*** Opening TASK MATERIAL ***

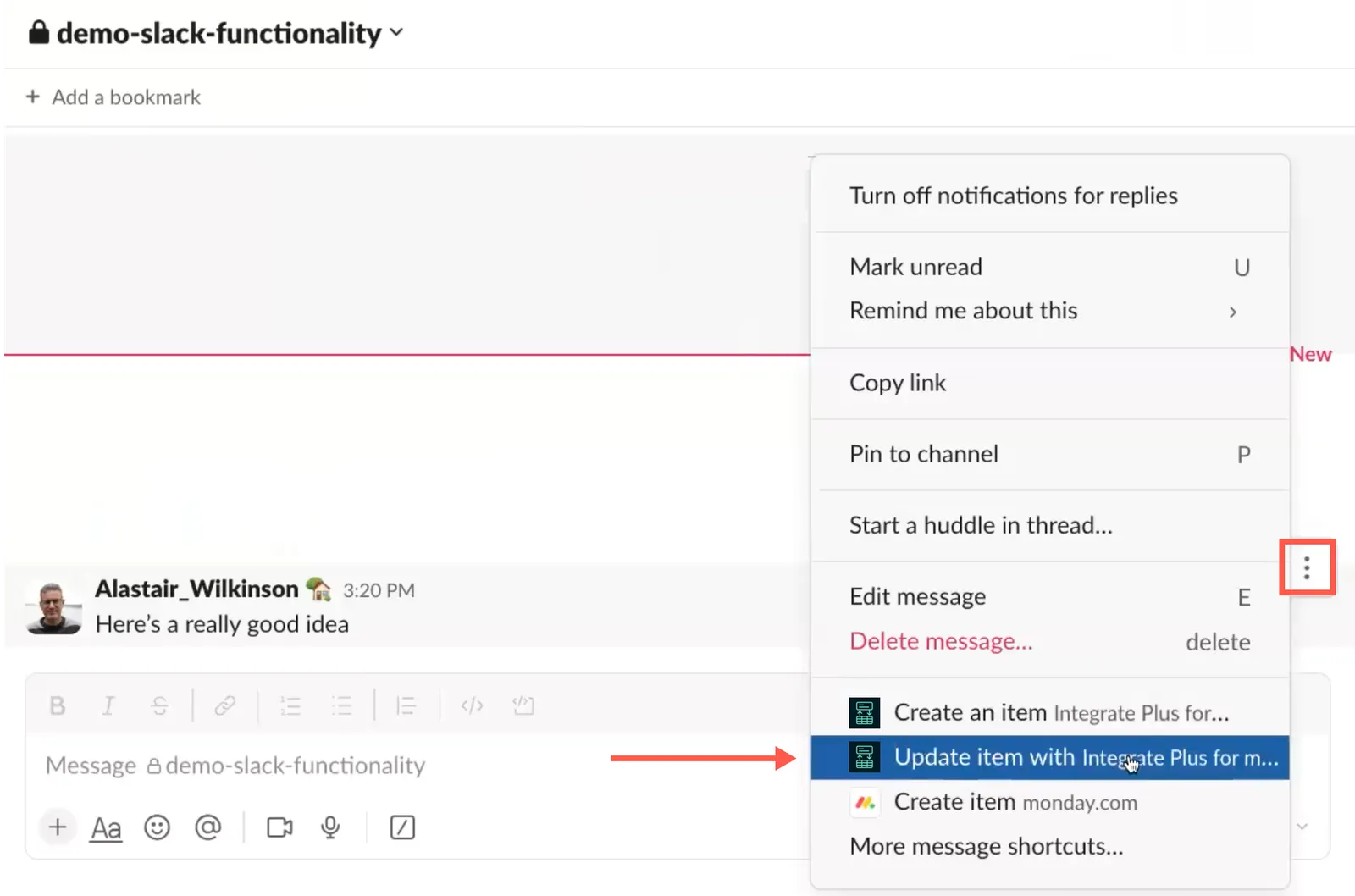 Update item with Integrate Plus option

*** Closing TASK MATERIAL ***
*** Opening TASK MATERIAL ***

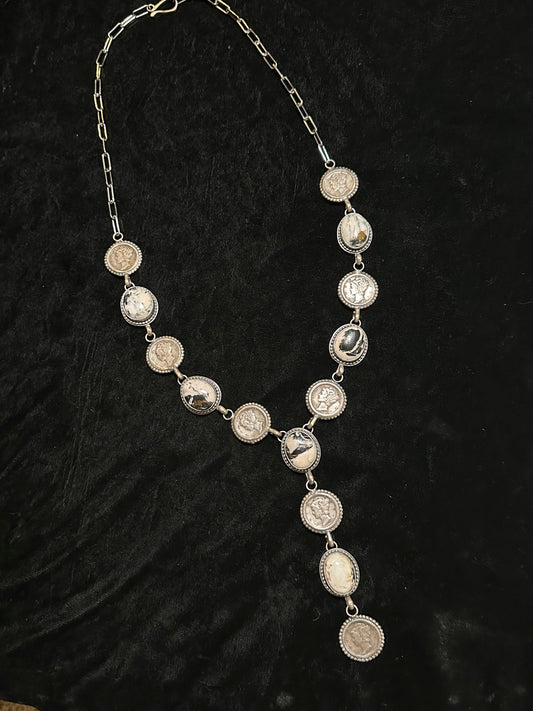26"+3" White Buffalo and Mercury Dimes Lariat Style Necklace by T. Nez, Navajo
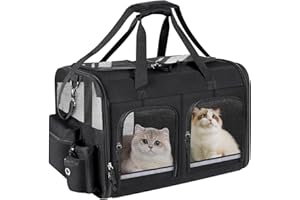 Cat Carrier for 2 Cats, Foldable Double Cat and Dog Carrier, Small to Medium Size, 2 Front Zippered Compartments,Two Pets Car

*** Closing TASK MATERIAL ***

• ASSIGNMENT: Please set down, exactly and with no pictures, the lines in the entries above starting at the one holding "T. Nez, Navajo" and ending at the one holding "Cat Carrier for", ends included.

• YOUR SOLUTION:
26"+3" White Buffalo and Mercury Dimes Lariat Style Necklace by T. Nez, Navajo
 Cat Carrier for 2 Cats, Foldable Double Cat and Dog Carrier, Small to Medium Size, 2 Front Zippered Compartments,Two Pets Car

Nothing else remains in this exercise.